Hdf5 (1.8.18?) from bilder causing crashes in puffin on ubuntu 16.04
Using the Bilder built hdf5 and fftw3 libs, when building on Ubuntu 16.04 with the repo compilers, the hdf5 writing routines crash when running Puffin. This is the same as a previous issue, which was assumed fixed. - it still appears to be a problem.
The workaround just now is to build with the Ubuntu repo libs.
Is this on all files or is there a specific test input file, number of ranks and machine where we can reproduce this problem? This sounds like mixing of libs - did you use also system openmpi or bilder openmpi? Trying to pin this down, as I've not seen the crash.
This is using system Openmpi with gnu fortran. Using Bilder supplied HDF5 (v 1.8.13, but the same behaviour has now been confirmed on all Bilderized versions from 1.8.12 to 1.8.18) and CMake (v 3.4.1). Ubuntu 16.04. Bilder uses the system OpenMPI and fortran libs to build everything. Everything builds, but when running, we get the below output.
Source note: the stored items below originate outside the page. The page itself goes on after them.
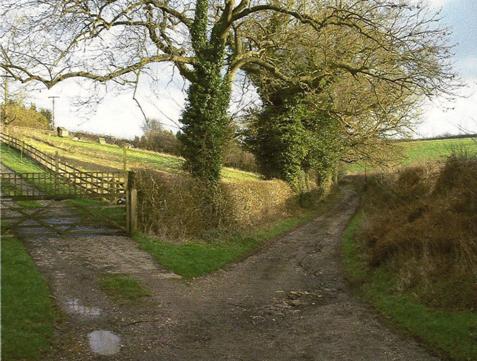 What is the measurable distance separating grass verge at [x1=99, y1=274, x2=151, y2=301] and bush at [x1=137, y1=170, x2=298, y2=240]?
4885 millimetres

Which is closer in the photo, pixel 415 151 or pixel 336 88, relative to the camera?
pixel 336 88

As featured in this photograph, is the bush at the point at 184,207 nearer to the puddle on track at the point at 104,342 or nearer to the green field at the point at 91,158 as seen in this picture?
the puddle on track at the point at 104,342

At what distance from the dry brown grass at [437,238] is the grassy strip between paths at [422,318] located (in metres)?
0.32

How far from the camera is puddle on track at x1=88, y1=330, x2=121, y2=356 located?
723 centimetres

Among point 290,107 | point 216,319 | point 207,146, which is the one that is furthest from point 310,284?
point 290,107

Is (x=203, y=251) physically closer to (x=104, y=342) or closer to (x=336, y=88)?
(x=104, y=342)

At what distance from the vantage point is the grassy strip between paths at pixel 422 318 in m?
7.41

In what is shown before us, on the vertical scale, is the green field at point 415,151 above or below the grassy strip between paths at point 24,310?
above

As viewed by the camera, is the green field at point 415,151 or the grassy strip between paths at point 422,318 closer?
the grassy strip between paths at point 422,318

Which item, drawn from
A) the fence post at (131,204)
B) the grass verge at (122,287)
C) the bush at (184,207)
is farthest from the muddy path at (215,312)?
the bush at (184,207)

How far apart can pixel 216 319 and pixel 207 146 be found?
37.4 ft

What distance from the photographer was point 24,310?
8320mm

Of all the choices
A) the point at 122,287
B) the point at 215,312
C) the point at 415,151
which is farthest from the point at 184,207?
the point at 415,151

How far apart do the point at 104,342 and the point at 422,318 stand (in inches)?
230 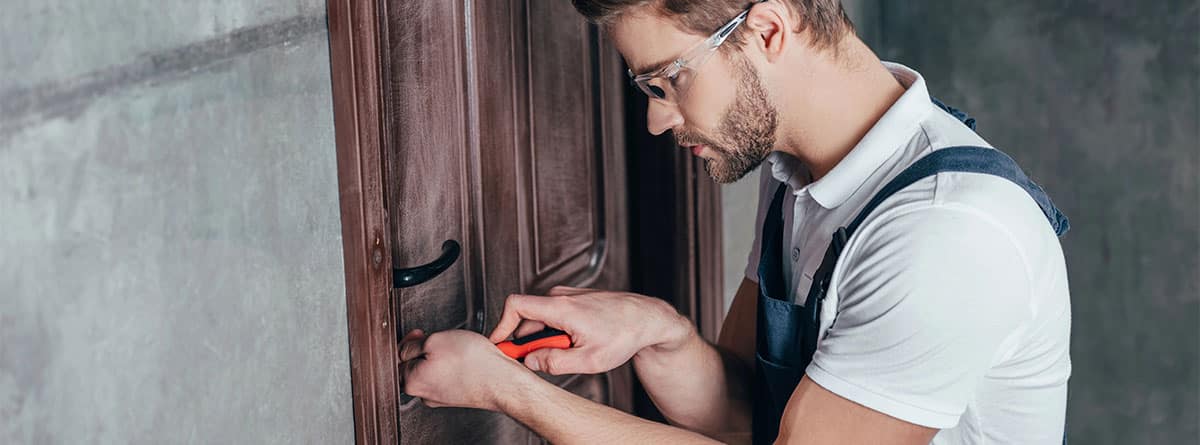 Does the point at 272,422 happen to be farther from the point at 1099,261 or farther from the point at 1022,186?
the point at 1099,261

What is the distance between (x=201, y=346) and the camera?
3.06 feet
step size is --- 4.1887903213500980E-003
******************************
WARNING - field mesh may not be large enough in z2 - fixing....
Field mesh length in z2 now = 13.005309677124023
******************************
number of nodes in z2 --- 1657
240 Step(s) and z-bar 1.0053
There are no dispersive sections
TRANS AREA = 6.2831854820251465
FIXING CHARGE
Q = 7.2413410011642439E-009
SHOT-NOISE TURNED ON
-----------------------------------------
Total number of macroparticles = 800
Avg num of real electrons per macroparticle Nk = 8991697.7115548234
Total number of real electrons modelled = 7193358169.2438583
287
[sebastion:2513] *** An error occurred in MPI_Comm_dup
[sebastion:2513] *** reported by process [2800222209,0]
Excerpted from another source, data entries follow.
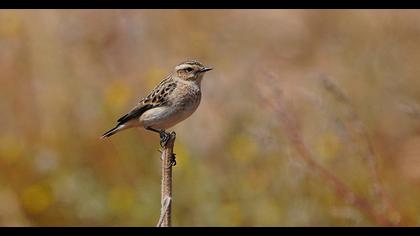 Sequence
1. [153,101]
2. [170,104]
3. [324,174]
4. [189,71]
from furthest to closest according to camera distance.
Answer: [189,71] < [153,101] < [170,104] < [324,174]

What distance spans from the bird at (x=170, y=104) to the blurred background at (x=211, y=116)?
571 mm

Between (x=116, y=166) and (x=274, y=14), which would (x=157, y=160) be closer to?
(x=116, y=166)

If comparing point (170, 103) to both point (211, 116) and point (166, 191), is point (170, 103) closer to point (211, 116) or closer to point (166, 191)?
point (211, 116)

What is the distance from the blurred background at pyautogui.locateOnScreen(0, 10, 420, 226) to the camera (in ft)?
27.4

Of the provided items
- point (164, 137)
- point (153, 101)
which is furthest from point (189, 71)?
point (164, 137)

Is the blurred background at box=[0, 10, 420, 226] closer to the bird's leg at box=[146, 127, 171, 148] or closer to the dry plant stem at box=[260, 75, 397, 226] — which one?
the dry plant stem at box=[260, 75, 397, 226]

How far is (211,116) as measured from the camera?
1016 cm

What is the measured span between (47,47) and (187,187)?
9.29ft

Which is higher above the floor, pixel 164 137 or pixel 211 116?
pixel 164 137

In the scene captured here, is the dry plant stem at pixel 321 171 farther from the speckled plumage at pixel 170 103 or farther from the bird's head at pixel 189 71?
the bird's head at pixel 189 71

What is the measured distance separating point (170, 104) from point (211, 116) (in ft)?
10.3

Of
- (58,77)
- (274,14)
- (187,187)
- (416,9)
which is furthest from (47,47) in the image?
(416,9)

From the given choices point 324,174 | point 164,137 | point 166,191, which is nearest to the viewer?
point 166,191

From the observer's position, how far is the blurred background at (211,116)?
27.4 feet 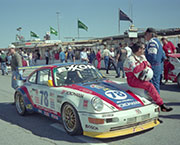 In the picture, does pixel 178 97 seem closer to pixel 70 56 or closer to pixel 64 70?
pixel 64 70

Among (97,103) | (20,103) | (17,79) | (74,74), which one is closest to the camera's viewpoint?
(97,103)

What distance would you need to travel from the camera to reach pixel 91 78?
18.1 ft

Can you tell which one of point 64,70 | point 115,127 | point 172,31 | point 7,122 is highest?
point 172,31

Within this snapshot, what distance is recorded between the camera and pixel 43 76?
5.83 m

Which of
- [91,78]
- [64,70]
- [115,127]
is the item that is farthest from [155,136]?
[64,70]

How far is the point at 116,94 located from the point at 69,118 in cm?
95

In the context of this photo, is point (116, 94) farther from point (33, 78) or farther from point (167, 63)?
point (167, 63)

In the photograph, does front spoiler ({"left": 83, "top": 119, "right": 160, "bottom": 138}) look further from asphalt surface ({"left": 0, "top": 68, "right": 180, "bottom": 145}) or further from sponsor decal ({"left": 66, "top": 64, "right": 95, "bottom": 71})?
sponsor decal ({"left": 66, "top": 64, "right": 95, "bottom": 71})

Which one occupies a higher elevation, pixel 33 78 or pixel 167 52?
pixel 167 52

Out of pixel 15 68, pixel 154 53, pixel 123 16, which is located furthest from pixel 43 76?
pixel 123 16

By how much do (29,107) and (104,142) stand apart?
252 centimetres

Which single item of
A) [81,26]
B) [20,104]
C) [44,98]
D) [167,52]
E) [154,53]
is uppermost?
[81,26]

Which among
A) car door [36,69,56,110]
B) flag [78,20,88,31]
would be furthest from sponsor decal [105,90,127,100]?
A: flag [78,20,88,31]

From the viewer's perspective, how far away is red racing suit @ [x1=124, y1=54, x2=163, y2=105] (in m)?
4.80
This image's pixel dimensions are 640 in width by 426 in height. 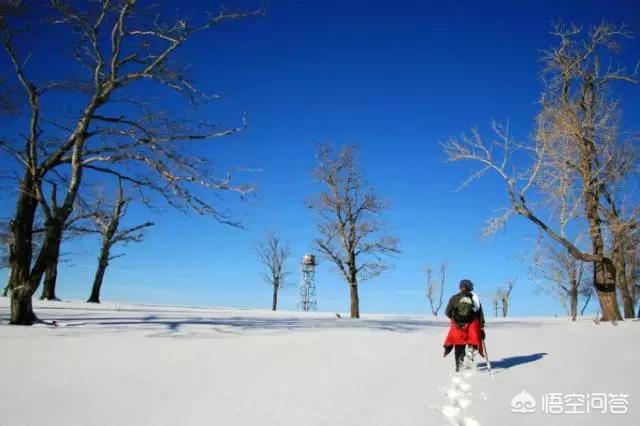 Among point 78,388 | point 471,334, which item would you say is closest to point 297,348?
point 471,334

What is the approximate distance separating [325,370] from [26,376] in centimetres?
403

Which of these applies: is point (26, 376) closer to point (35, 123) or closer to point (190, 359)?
point (190, 359)

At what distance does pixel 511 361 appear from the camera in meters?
8.73

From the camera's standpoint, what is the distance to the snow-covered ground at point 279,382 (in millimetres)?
4207

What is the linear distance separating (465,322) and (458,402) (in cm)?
264

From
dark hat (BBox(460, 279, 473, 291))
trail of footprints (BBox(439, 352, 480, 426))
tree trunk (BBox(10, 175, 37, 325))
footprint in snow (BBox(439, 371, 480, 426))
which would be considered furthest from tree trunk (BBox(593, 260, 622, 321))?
tree trunk (BBox(10, 175, 37, 325))

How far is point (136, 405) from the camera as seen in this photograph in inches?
168

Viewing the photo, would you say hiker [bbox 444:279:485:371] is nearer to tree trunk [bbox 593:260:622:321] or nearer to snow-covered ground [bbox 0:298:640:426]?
snow-covered ground [bbox 0:298:640:426]

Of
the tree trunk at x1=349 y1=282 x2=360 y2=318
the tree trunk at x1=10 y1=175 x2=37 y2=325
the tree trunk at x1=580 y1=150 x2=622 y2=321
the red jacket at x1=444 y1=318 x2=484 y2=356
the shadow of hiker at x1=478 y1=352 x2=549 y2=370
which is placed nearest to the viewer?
the red jacket at x1=444 y1=318 x2=484 y2=356

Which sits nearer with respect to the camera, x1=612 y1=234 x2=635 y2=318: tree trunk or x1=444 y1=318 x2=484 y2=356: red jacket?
x1=444 y1=318 x2=484 y2=356: red jacket

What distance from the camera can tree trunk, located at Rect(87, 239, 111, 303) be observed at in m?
26.2

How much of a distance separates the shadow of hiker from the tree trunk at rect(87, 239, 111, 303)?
78.6 ft

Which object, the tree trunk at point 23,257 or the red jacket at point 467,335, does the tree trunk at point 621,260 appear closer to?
the red jacket at point 467,335

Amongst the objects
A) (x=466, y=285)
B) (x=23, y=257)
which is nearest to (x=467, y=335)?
(x=466, y=285)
[sebastion:2513] *** on communicator MPI_COMM_WORLD
[sebastion:2513] *** MPI_ERR_COMM: invalid communicator
[sebastion:2513] *** MPI_ERRORS_ARE_FATAL (processes in this communicator will now abort,
[sebastion:2513] *** and potentially your MPI job)
[sebastion:02507] 1 more process has sent help message help-mpi-errors.txt / mpi_errors_are_fatal
[sebastion:02507] Set MCA parameter "orte_base_help_aggregate" to 0 to see all help / error messages
A bit of fishing around with print statements shows that the MPI error is coming from the calls to h5pset_fapl_mpio_f - i.e.
CALL h5pset_fapl_mpio_f(plist_id, tProcInfo_G%comm, mpiinfo, error)
which is on multiple lines on hdf5PuffColl.f90.
This is for any example Puffin input deck (using hdf5 output, which is now default).
Ubuntu supplied hdf5 seems to work fine.
So I think the other workaround has to be to use bilder to build mpich or openmpi, rather than using ubuntu's system MPI. Would also be interesting to know if this manifests itself also on fedora. If it happens with bilders mpich, then we need to check no nasty bugs have got into the hdf mpi environment setup, which is going on at this stage. (pset = property setting). There is a slim possibility what I've done is only appropriate for a parallel filesystem, but I don't think that's the case. The "independent files" option was there to take care of that case.
... all this of course is speculative, and we should do some testing to be sure. I used bilder's mpich as part of a puffin build (though with an older branch), and did not experience such problems.